Wednesday, 30 May 2012
Rooftop Ballroom (Omni Parker House)
Costantino Sirca, DESA, University of Sassari; CMCC, Euro-Mediterranean Centre for Climate Change, IAFENT Division, Sassari, Italy; and M. Carta, M. Salis, and D. Spano

Soil organic carbon (SOC) plays a vital role in ecosystem function determining soil fertility, water holding capacity and susceptibility to land degradation. In addition, SOC is related to atmospheric CO2 levels with soils having the potential for carbon (C) release or sequestration, depending on land use, land management, and climate. The Mediterranean region is expected to be highly affected by climate change, and it is expected that SOC decreases under climate warming conditions. Estimates of soil organic C stocks and changes under different climate scenario and land use systems can also help determine vulnerability to land degradation.

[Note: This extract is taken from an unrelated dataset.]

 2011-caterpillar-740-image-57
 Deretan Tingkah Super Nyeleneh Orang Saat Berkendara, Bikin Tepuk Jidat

In this work an assessment of changes in soil organic C for Sardinia, the second largest island of the Mediterranean Basin, is presented. The carbon dynamics were estimated for the whole island using the Rothamsted Carbon model and the A1b emission scenario provided by the Euro-Mediterranean Centre for Climate Change (CMCC). Almost 200 soil analysis data were used to calibrate and validate the model output for different land use typologies. After the calibration, a good agreement between soil C estimated from the model with the current climate and observed SOC data was found. Preliminary results show a general reduction in the soil C content with the A1b scenario projection (-18% in the 2100 vs 2000). The SOC reduction in the soils was higher in the forested and semi-natural ecosystems than agricultural areas. In addition, an increase of 4.3% in the CO2 fluxes is expected at the end of the 21th century. The work allowed an estimation of the SOC projections for the current century under climate warming conditions, identifying the potential contribution of the several land use typologies. The methodological approach constitutes a first exercise where other processes, such as changes in land use, and in the net primary production need to be accounted for a more comprehensive approach in the SOC dynamics estimations and projections for the future.